France’s lower house voted on Feb. 16 for a law pitched by the government as countermeasure to religious groups that are trying to undermine the secular state.
The law aims at “Islamist separatism” pushed by banned hate preachers and would allow police to shut down religious schools, according to a report at DailyMail.com.
The draft legislation has been accused of stigmatizing Muslims and allowing the state to limit speech and religion, but was backed by a clear majority of MPs in the National Assembly.
President Emmanuel Macron’s centrist party supported the law strongly, with 347 National Assembly lawmakers voting in favor, 151 against and 65 abstaining. It will now be sent to the upper house Senate, where Macron’s party does not hold a majority.
Amid concerns about the funding of mosques by Turkey, Qatar or Saudi Arabia, the law forces religious groups to reveal large foreign donations and have their bank accounts certified.
It comes as presidential elections loom next year and among ongoing divisions about the integration of France’s large Muslim population, Sharia law-controlled no-go zones and the threat of Islamists causing fresh tensions.
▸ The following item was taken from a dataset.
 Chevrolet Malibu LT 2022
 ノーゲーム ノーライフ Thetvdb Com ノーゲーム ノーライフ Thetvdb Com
The government maintains that the threat of creeping Islamism is real, pointing to repeated terror attacks and what Macron called the development of a “counter-society” that rejects secularism, equality and other French values and laws.
Over the past week, a school teacher in a tough suburb southwest of Paris has come to national prominence over claims he needed police protection after receiving death threats for denouncing local Islamists.
Right-wing parties see him as a whistleblower warning about the danger of extremist groups, while those on the left have pointed to his provocative statements about Islam and accuse him of exaggerating the threat.